Once the new workers were hired they received more than 50,000 man hours of training about the glass manufacturing process and the different specialities they would work in.

They received training in a classroom as well as on the shop floor, shadowing staff on the site’s furnaces 4 and 5 to ensure they reached the requiste level of know-how required.

A typical furnace rebuild would have approximately 200 people on site but such was the scale of this investment that, at its peak, there were 340 people on site.

These were divided throughout the facility, from the batch plant to the palletiser.


The project was running on schedule when, in March this year, the Covid pandemic struck and France went into lockdown.

The installation had reached a critical stage of construction, with the erection of the furnace and the chambers within the oven.

Team members discussed how to stop the construction in a manner that it would be able to restart easily and without jeopardising anything.
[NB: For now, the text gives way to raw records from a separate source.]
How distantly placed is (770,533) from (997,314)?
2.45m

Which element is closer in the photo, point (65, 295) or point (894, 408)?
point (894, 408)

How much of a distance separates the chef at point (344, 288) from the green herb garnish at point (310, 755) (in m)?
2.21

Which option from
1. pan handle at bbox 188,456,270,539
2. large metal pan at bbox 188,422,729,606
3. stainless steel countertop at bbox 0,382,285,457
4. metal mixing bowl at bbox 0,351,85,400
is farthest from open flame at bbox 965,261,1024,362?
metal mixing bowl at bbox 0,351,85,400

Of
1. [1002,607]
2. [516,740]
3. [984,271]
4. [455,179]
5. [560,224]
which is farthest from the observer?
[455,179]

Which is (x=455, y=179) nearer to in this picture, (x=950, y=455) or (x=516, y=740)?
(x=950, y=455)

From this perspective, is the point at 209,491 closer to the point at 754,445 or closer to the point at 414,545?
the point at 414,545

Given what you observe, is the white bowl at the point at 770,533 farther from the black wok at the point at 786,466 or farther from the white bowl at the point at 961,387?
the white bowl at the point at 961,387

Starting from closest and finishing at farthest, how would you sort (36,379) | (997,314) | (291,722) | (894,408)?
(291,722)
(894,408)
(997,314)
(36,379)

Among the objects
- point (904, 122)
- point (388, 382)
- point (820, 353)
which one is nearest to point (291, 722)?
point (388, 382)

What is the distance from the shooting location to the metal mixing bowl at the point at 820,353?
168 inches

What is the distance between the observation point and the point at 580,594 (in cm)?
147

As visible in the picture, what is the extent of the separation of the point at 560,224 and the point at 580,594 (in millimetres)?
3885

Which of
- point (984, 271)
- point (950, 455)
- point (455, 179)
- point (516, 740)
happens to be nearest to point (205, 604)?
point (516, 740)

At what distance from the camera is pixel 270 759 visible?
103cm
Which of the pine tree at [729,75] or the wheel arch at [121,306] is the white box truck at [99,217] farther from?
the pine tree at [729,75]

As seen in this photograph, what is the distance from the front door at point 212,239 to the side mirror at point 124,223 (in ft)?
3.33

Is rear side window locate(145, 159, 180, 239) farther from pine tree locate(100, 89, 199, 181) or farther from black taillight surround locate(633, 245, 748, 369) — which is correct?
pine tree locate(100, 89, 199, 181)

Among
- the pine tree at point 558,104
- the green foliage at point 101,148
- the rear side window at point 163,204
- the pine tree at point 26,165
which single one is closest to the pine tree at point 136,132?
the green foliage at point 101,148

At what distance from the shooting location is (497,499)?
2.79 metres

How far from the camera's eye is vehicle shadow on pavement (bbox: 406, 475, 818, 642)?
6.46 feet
Mr François admits it was heartbreaking to be so close to their end goal when the lockdown rules came into play.

He said: “The project was a rollercoaster of emotion and this moment was a big one. But it was the same all over the globe, we didn’t complain and we discussed what we had to do.”

After a long discussion, the group implemented specific procedures to stop and restart the furnace without jeopardising construction, and which would also be carried out in a safe way.
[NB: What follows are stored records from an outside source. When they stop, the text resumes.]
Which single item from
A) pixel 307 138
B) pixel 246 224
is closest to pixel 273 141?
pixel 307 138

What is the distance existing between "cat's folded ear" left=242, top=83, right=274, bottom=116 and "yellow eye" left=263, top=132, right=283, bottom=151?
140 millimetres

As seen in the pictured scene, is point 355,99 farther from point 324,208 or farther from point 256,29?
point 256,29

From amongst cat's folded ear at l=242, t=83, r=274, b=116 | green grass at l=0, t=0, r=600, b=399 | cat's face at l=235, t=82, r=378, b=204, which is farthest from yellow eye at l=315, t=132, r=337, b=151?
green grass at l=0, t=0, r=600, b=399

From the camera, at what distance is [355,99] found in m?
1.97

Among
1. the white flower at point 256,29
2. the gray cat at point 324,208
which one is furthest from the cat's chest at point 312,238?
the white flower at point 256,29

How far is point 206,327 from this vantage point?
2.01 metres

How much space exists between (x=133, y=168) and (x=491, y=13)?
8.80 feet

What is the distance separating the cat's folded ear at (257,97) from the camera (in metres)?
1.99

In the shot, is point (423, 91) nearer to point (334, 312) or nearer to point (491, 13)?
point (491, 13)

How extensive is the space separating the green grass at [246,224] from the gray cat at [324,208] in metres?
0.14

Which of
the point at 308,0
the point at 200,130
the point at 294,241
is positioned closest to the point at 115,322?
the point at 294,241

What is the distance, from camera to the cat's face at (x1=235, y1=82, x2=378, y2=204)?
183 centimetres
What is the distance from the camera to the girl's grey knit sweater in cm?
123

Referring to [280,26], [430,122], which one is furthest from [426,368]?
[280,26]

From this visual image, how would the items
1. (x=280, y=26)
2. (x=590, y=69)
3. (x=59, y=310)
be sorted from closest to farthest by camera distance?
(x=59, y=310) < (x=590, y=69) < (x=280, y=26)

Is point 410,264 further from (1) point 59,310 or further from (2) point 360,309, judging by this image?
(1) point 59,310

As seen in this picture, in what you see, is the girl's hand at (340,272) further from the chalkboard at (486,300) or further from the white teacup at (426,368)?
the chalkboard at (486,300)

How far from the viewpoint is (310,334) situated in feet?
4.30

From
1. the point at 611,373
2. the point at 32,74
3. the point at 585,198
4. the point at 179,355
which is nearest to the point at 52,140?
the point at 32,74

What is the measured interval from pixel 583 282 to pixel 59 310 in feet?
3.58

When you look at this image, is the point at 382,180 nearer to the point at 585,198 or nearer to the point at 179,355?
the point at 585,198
Despite the hurdle caused by Covid, the furnace was successfully ignited on August 27 this year during a lighting ceremony attended by local dignitaries and senior O-I executives.

Mr François said he felt tremendous gratitude when the furnace was ignited. One was as a result of the feedback from the people who were working on the new furnace.

He said: “The main satisfaction has been the positive feedback from our key customers. We engaged them throughout the project and finally had the chance to deliver the first bottle to them.

“It was exactly the bottle we expected to have so there was great satisfaction in that, not just for me but for the company, because we built the furnace exactly for them.”

Despite his experience in manufacturing, Mr François still learnt a lot from the two-year operation. He will deploy those skills gained on this project on any future assignment, even if it is of smaller scale to this one.

“If we want to be successful in such a project there is a simple recipe: people, teamwork and passion. I met extraordinary women and men within O-I and externally and I think we learned from each other and we are much stronger for the next project.

“People are key in our business. Alone you can fail but you cannot succeed. As a team we always find solutions, always innovate and are always able to move forward.

“I can also say that nothing is possible without passion. I can tell you the glass industry has a singular thing and that is passion. For me, if you have passion, teamwork, and good people, you can succeed in every project.”